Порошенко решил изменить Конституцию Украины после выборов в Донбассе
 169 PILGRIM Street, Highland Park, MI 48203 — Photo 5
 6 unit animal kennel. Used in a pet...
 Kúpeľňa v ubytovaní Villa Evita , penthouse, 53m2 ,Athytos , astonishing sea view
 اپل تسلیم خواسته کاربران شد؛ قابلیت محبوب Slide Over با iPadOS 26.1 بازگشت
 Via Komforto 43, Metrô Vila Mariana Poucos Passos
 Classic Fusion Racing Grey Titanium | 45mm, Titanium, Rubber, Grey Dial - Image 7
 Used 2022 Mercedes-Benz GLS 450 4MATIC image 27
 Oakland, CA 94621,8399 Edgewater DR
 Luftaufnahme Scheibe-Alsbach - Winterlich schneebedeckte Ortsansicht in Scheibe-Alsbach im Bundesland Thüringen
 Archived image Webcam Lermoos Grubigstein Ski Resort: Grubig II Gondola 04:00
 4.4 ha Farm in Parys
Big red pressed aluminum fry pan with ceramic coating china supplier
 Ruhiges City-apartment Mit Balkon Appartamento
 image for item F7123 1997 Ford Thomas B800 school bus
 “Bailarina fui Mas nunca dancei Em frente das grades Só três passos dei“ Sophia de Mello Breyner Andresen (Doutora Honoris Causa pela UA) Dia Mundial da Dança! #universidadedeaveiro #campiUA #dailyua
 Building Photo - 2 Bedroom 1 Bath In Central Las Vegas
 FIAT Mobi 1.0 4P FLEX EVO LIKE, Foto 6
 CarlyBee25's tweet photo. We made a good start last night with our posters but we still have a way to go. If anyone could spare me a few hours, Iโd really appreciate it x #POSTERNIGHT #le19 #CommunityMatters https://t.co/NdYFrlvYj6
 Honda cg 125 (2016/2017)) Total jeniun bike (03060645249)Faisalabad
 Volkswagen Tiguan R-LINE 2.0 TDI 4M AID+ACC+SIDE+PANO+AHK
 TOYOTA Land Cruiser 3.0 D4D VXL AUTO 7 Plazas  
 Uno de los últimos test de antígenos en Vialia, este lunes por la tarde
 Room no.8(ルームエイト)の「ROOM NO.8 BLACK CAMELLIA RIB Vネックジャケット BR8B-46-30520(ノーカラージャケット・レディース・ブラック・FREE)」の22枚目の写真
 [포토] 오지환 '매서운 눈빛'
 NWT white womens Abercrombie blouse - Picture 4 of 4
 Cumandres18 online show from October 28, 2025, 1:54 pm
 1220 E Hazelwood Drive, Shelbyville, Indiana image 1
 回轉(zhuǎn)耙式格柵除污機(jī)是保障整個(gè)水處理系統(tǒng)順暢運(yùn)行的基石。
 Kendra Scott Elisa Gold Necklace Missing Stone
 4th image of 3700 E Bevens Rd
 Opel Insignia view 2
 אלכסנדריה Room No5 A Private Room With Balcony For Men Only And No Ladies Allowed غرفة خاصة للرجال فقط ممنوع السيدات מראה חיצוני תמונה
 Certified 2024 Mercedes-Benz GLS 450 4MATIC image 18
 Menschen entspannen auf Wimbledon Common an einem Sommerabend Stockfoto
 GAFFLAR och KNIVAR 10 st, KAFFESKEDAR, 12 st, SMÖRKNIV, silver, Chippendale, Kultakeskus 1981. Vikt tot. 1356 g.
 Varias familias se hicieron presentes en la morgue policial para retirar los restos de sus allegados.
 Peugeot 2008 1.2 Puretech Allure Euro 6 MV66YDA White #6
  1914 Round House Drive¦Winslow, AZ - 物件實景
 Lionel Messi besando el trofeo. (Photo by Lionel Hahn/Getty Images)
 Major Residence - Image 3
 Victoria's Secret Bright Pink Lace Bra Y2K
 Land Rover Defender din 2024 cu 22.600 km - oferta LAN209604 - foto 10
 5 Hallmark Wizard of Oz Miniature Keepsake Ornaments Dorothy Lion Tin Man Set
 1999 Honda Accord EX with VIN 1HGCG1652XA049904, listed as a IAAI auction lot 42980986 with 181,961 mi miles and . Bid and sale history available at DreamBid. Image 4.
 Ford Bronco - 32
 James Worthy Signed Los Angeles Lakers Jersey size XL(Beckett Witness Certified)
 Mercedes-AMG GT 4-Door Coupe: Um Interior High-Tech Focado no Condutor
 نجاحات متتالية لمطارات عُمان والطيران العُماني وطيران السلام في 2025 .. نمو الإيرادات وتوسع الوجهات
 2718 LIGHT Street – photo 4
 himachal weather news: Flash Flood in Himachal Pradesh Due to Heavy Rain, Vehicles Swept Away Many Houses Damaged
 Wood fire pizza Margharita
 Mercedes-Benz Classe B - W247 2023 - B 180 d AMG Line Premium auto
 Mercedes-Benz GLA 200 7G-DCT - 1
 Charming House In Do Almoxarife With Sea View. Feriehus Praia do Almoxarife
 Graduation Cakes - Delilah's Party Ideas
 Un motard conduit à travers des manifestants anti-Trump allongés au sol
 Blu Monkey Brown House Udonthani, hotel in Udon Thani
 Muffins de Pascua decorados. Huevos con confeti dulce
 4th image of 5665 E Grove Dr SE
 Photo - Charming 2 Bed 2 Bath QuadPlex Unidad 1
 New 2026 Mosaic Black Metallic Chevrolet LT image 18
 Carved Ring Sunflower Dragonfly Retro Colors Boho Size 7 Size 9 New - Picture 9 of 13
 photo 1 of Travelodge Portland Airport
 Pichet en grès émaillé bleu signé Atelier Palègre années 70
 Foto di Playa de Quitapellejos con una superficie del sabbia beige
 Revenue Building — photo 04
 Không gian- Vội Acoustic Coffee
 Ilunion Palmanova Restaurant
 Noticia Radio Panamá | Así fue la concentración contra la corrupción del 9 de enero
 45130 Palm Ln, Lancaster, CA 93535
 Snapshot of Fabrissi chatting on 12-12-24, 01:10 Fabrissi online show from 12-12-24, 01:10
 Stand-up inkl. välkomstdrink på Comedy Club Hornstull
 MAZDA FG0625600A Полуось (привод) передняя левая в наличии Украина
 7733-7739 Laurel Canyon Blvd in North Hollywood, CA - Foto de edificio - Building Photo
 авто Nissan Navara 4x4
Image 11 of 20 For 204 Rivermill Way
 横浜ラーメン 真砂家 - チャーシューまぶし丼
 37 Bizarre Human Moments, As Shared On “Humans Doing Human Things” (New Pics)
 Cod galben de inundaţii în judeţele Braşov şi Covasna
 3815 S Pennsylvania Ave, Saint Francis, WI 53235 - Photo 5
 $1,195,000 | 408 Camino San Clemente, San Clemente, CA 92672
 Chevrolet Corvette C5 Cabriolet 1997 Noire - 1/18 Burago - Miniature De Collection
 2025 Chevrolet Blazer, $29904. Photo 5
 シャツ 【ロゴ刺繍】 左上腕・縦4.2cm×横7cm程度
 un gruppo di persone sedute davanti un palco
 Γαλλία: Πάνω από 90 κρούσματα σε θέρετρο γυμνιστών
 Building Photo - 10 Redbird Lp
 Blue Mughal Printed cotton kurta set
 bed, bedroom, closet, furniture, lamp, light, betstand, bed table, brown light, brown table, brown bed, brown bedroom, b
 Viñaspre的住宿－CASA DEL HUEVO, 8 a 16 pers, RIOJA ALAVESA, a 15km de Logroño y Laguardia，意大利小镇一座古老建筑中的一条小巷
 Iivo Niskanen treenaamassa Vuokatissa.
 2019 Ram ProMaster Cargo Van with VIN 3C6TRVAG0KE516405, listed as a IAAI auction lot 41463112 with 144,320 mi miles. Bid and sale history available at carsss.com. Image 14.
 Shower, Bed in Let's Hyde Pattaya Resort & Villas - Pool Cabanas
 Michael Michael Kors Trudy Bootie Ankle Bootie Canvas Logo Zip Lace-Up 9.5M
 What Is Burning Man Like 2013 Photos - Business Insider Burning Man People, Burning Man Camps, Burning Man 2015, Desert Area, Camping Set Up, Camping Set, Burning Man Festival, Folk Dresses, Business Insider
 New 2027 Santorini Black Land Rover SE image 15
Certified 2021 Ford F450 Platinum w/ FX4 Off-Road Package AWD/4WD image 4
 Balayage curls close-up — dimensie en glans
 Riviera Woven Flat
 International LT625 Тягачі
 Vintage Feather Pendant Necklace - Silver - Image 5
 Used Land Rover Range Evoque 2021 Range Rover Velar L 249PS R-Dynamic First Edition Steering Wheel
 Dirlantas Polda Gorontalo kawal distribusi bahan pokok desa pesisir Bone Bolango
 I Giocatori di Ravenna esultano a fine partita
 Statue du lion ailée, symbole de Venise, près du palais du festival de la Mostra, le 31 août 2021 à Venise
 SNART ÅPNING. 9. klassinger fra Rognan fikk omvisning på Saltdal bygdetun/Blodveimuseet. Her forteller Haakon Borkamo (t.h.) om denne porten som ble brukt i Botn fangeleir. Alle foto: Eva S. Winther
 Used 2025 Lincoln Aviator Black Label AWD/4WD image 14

• • • •

> _Task item_:
Write out the lines of the entries, word for word, from the first through the one containing "Via Komforto 43, Metrô", and stop at that line.

> _Answer below_:
Порошенко решил изменить Конституцию Украины после выборов в Донбассе
 169 PILGRIM Street, Highland Park, MI 48203 — Photo 5
 6 unit animal kennel. Used in a pet...
 Kúpeľňa v ubytovaní Villa Evita , penthouse, 53m2 ,Athytos , astonishing sea view
 اپل تسلیم خواسته کاربران شد؛ قابلیت محبوب Slide Over با iPadOS 26.1 بازگشت
 Via Komforto 43, Metrô Vila Mariana Poucos Passos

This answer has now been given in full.